On this occasion we’re saving the mannequin state together with some meta-data (epochs and loss) inside a dictionary construction. We embody an choice to overwrite a single checkpoint file, or create a brand new file for each epoch. We’re utilizing the torch save perform, however in precept you can use different serialisation strategies. The important thing concept is that your program opens the file and determines what number of epochs of coaching had been used for the present file. This enables this system to determine whether or not to proceed coaching or transfer on.

Equally, within the load perform we cross in a reference to a mannequin we want to use. If there may be already a serialised mannequin we load the parameters into our mannequin and return the variety of epochs it was skilled for. This epoch worth will decide what number of further epochs are required. If there isn’t a mannequin then we get the default worth of zero epochs and we all know the mannequin nonetheless has the parameters it was initialised with.

def load_checkpoint(model_name, mannequin, optimizer, scheduler):
direc = get_checkpoint_dir(model_name)
if os.path.exists(direc):
file_path = get_path_with_max_epochs(direc)
checkpoint = torch.load(file_path, map_location=torch.gadget('cpu'))
mannequin.load_state_dict(checkpoint['model_state_dict'])
optimizer.load_state_dict(checkpoint['optimizer_state_dict'])
scheduler.load_state_dict(checkpoint['scheduler_state_dict'])
epoch = checkpoint['epoch']
loss = checkpoint['loss']
print(f"Checkpoint loaded from {epoch} epoch")
return epoch, loss
else:
print(f"No checkpoint discovered, ranging from epoch 1.")
return 0, None

These two capabilities will have to be referred to as inside your coaching loop, and you could be certain that the returned worth for epochs worth is used to replace the worth of epochs in your coaching iterations. The result’s you now have a coaching course of that may be re-started when a kernel dies, and it’ll decide up and proceed from the place it left off.

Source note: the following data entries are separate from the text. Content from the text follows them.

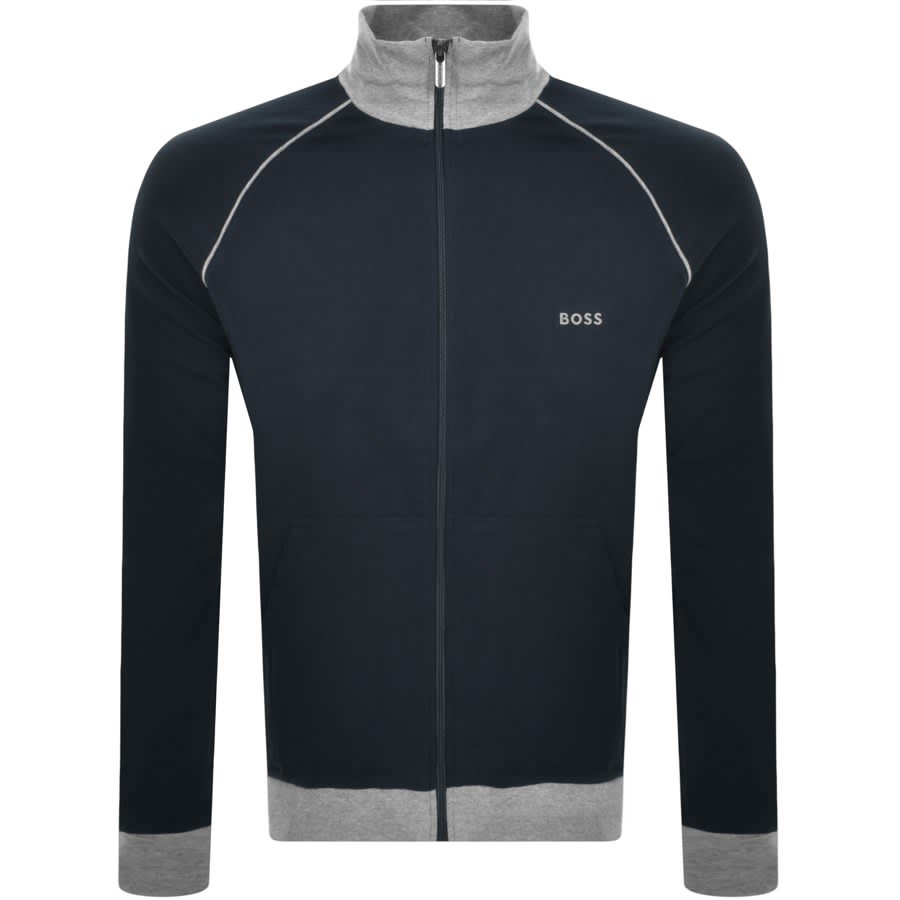 Hugo boss tracksuit mainline menswear shop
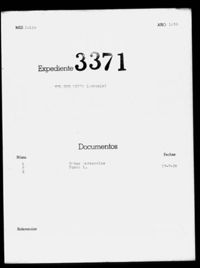 Velarde Nieto, Antonio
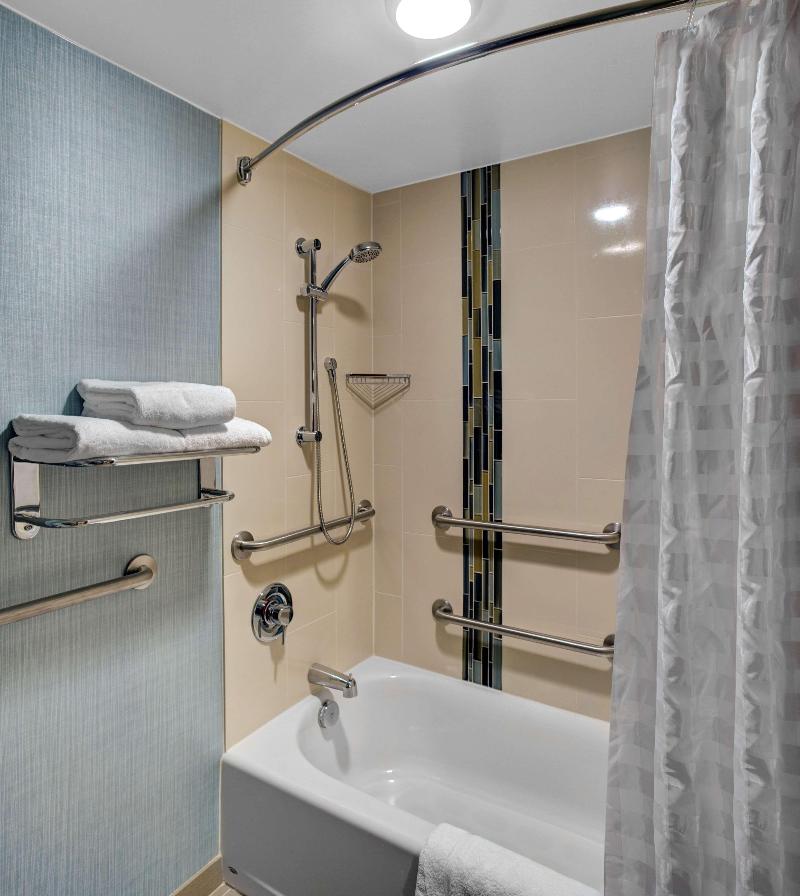 Hyatt Place Secaucus/Meadowlands - Oda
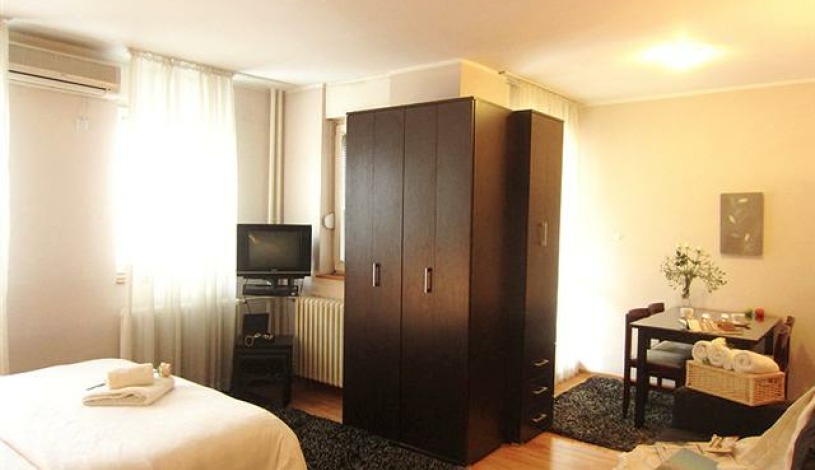 Apartment Knez Miletina Beograd - Apt 19548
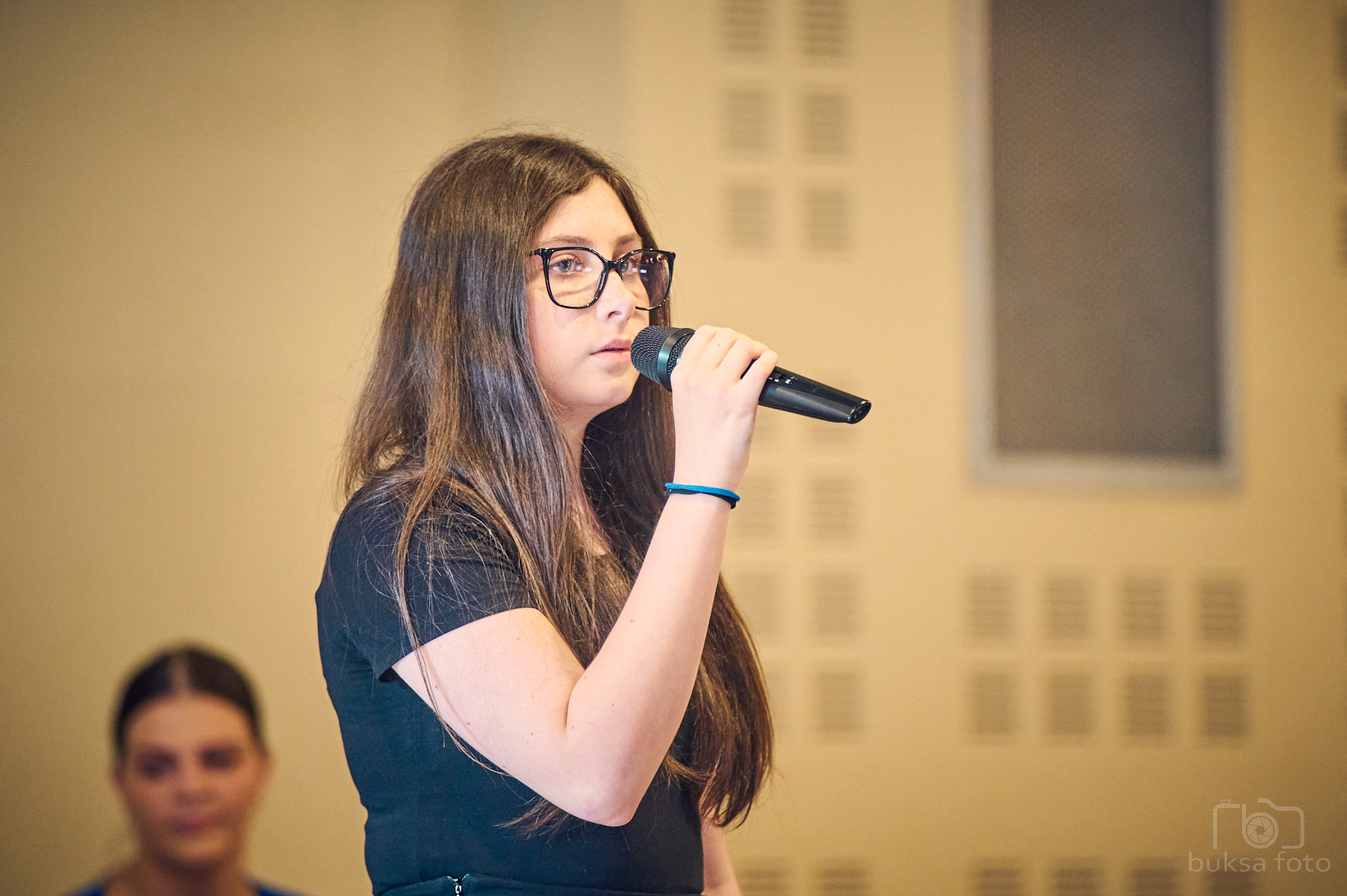 I Powiatowy Konkurs Piosenki Obcojęzycznej "Melodie trzech języków"
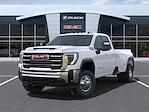 New 2025 GMC Sierra 3500 SLE Double Cab 4x4, Pickup for sale #25W1617 - photo 6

That core coaching loop may look one thing like the next:


EPOCHS = 10
for exp in experiments:
mannequin, optimizer, scheduler = initialise_model_components(exp)
train_loader, val_loader = generate_data_loaders(exp)
start_epoch, prev_loss = load_checkpoint(exp, mannequin, optimizer, scheduler)
for epoch in vary(start_epoch, EPOCHS):
print(f'Epoch {epoch + 1}/{EPOCHS}')
# ALL YOUR TRAINING CODE HERE
save_checkpoint(epoch + 1, mannequin, optimizer, scheduler, train_loss, exp)

Observe: On this instance I’m experimenting with coaching a number of completely different mannequin setups (in a listing referred to as experiments), doubtlessly utilizing completely different coaching datasets. The supporting capabilities initialise_model_components and generate_data_loaders are taking good care of guaranteeing that I get the proper mannequin and information for every experiment.

The core coaching loop above permits us to reuse the general code construction that trains and serialises these fashions, guaranteeing that every mannequin will get to the specified variety of epochs of coaching. If we restart the method, it can iterate via the experiment checklist once more, however it can abandon any experiments which have already reached the utmost variety of epochs.

Hopefully you need to use this boilerplate code to setup your personal course of for experimenting with coaching some deep studying language fashions inside Google Colab. Please remark and let me know what you’re constructing and the way you utilize this code.